IBMのビジネスパートナーとして長年実績を積んできた福岡情報ビジネスセンターは、近年、クラウドビジネスへのドラスティックな転換に踏み切った。武藤元美代表取締役は、「今年はその先行投資が実るタイミングだ」と手応えを感じている様子だが、同時に、国内のSI業界全体の行く末について大きな危機意識をもっているという。(取材・文/本多和幸)
先行投資でクラウドシフトに全力
武藤元美
代表取締役
「アジャイル開発とDevOpsを正しく普及させなければ、ユーザーのビジネスのスピードにITベンダー側がついていけなくなる。それは、日本の産業全体の競争力を下げることにつながる」。武藤代表取締役は、自らの問題意識をそう説明する。金融機関の勘定系システムや交通系のシステムなど、「社会性のあるシステム」はウォーターフォール型のシステム構築が必要だが、一般企業のビジネスプラットフォームとしてのITソリューションについては、もはやウォーターフォール型開発のスピード感では対応できないケースが多数派になると予測する。
武藤代表取締役は、「クラウドファーストのトレンドとAPIエコノミーが浸透し、ITの力をフル活用して新しいビジネスを短期間でローンチ、検証し、継続的にブラッシュアップしていく環境が整ってきた」ことが、こうした状況を導いたとみている。同社自身、そうした状況の変化を見据え、「IBM Blumix」のIaaS/PaaS、そして「IBM Watson」の活用に向けた技術者育成を早い段階で進めてきた。この先行投資で得た資産を生かし、実際に、販売管理、製造・生産管理、物流、Eコマース、マーケットプレイスなどの領域で、アジャイル開発の手法を取り入れている。3か月~4か月の納期でクラウド上にシステムを構築し、DevOpsを実践してユーザーのビジネスにおけるシステムの価値を高める取り組みを進めている事例は順調に増えているという。今年から来年にかけては、投資を回収し、ストックビジネスで利益を積み上げるフェーズに入る手応えがある。
ソフトバンクの開発案件が契機
武藤代表取締役は、自らが考える“正しい”アジャイル開発やDevOpsについて次のように説明する。「アジャイル開発は、ユーザーにプロダクトオーナーシップを取り戻させるのが本質。そのうえで、ITベンダーを含む関係者がスクラムを組んで、ビジネスのスピードに追いつくようにスプリント(任意の期間で計画・実行する開発の単位)を回していく。そして、そのスクラムを組んだチームが一体となってシステムの改善、価値向上に継続的に取り組んでいくのがDevOps。ユーザーのビジネスは常に動いているので、ベンダーももっとユーザーのビジネスを勉強して一緒に動かないといけないし、ユーザーもベンダーに丸投げで成果物を求めるのではなく、ITリテラシーを上げて、ベンダーをパートナーと位置づけて、一緒にビジネスをやっていこうという意識に変わらないといけない」。

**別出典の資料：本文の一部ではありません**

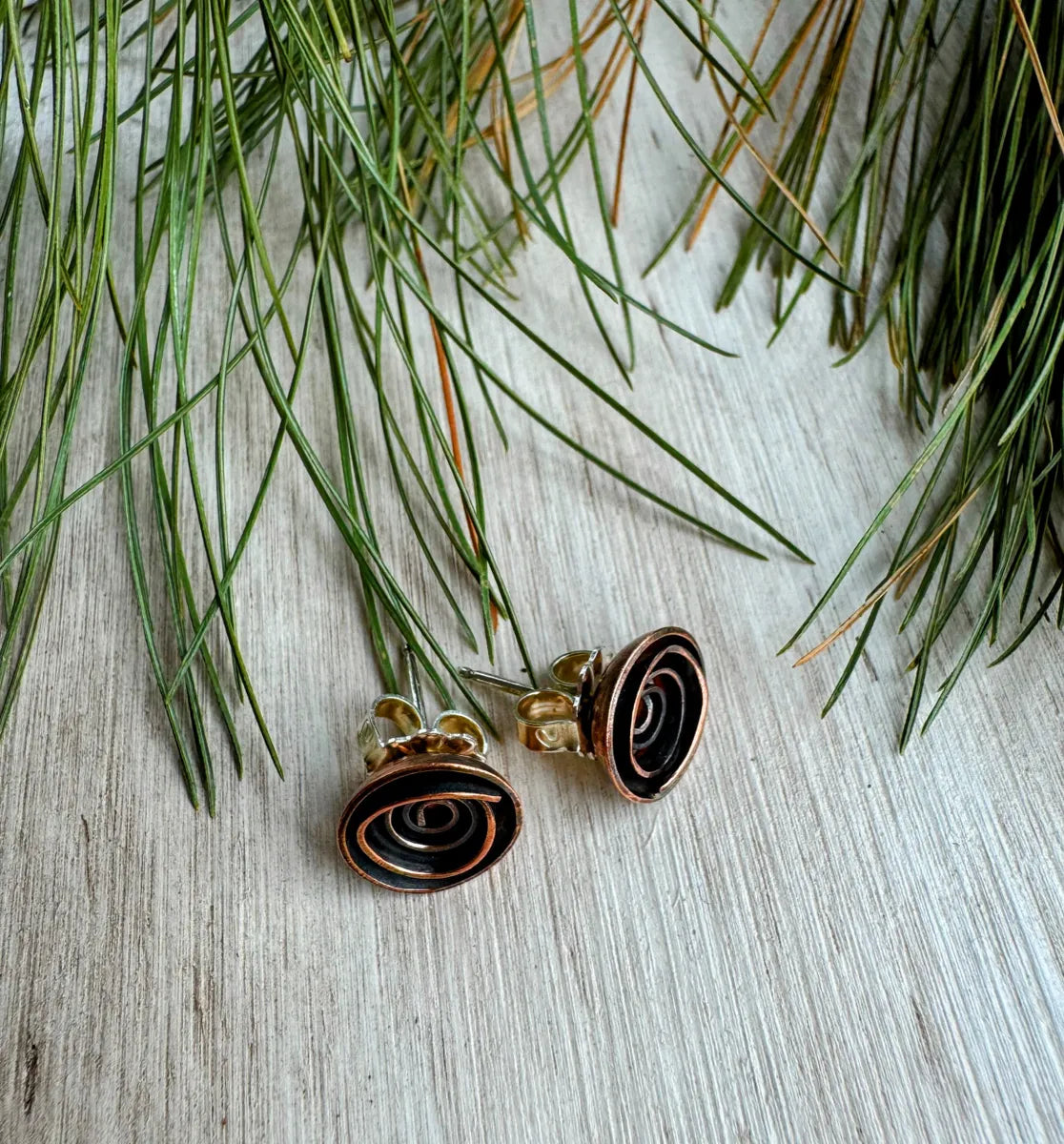 Copper Gypsy rose Stud earrings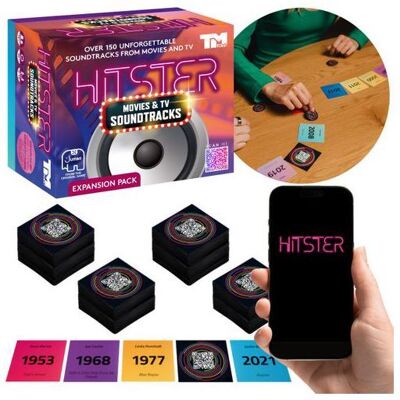 HITSTER Movies & TV Soundtracks Supplément - Musique de films films et séries extension pour le jeu Hitster jeu festif - Publicité HITSTER Movies & TV Soundtracks Supplément - Musique de films films et séries extension pour le jeu Hitster jeu festif - Publicité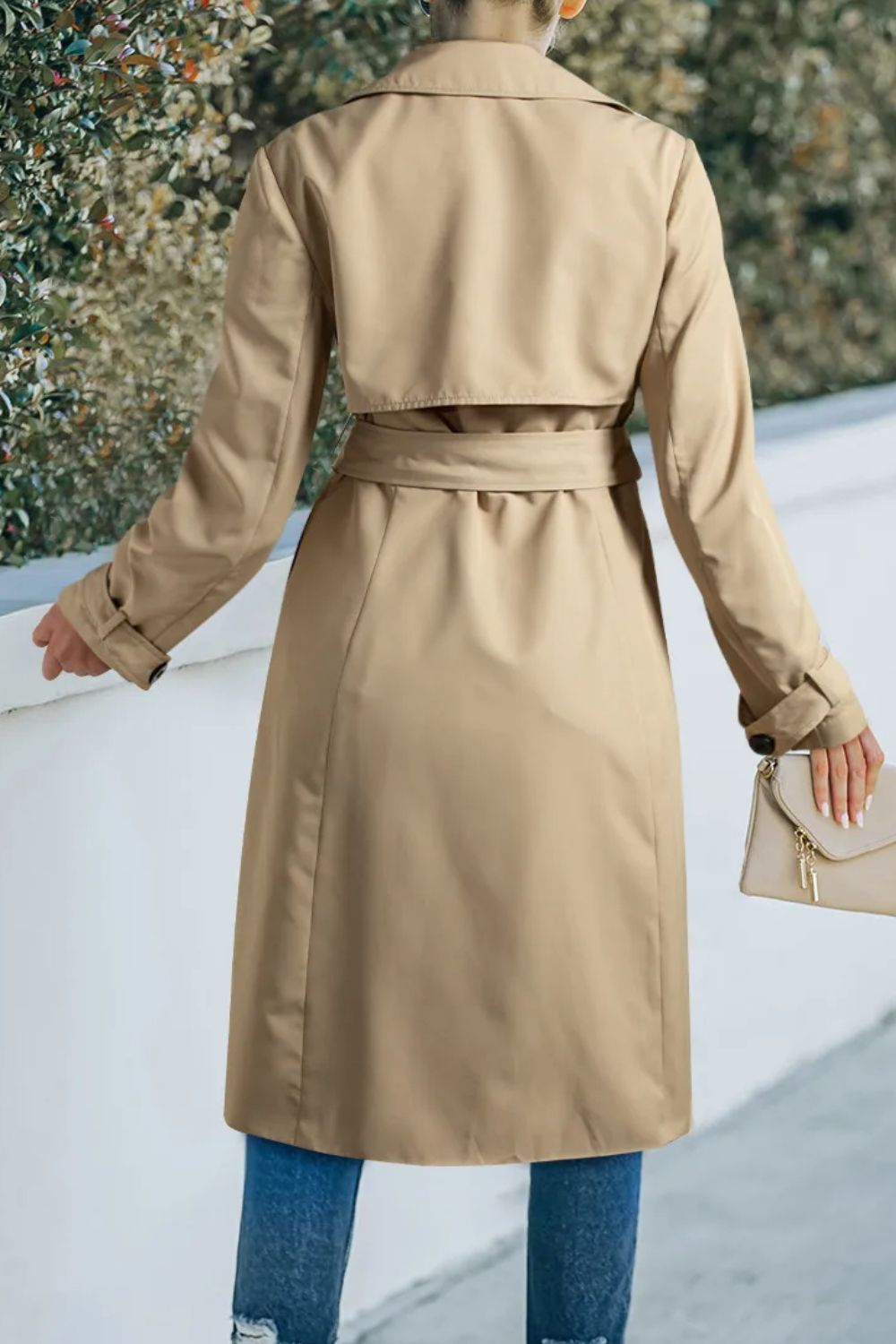 Collared Neck Tie Waist Buttoned Long Sleeve Trench Coat-TOPS / DRESSES-[Adult]-[Female]-2022 Online Blue Zone Planet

アジャイル開発、DevOpsは失敗事例も多いが、「ユーザー不在の単なる請け負い開発にアジャイルやDevOpsをあてはめようとしているケースがほとんどで、失敗するのがあたりまえ」だと指摘する。リーダーシップを取るべきはユーザーの業務部門であり、「ベンダー側は、精度は60%でいいので、ビジネスのスピードに遅れないように開発を進めるべきで、システムはあくまでもビジネスのサポートにすぎず、本来、完成という概念はない」というのが、武藤代表取締役の主張だ。
福岡情報ビジネスセンターがこうしたビジネスモデルにたどり着いたのは、ソフトバンクのある業務システム開発で同社エンジニアがPMを務めた経験が大きく影響しているという。武藤代表取締役は、こう振り返る。「驚いたことに、ソフトバンクの業務システム開発は、3か月単位でスプリントを回して、どんどん新しいものをつくっていこうという考え方だった。当社のPMが、例外がこんなにあるのでそれは無理ですよとソフトバンク側に伝えると、例外をシステム化するくらいなら、電卓100個とパート100人を手配したほうが早いといわれて、目から鱗が落ちた。それまでわれわれは、IT業界の宮大工として、例外処理を巧みにつくり上げることにプライドをもってきた。しかし、ITはあくまでもビジネスの道具であり、システム開発がビジネスのスピードの足かせになってはいけないと痛感した。そして、そのためにはアジャイル開発とDevOpsこそが解になると思った」。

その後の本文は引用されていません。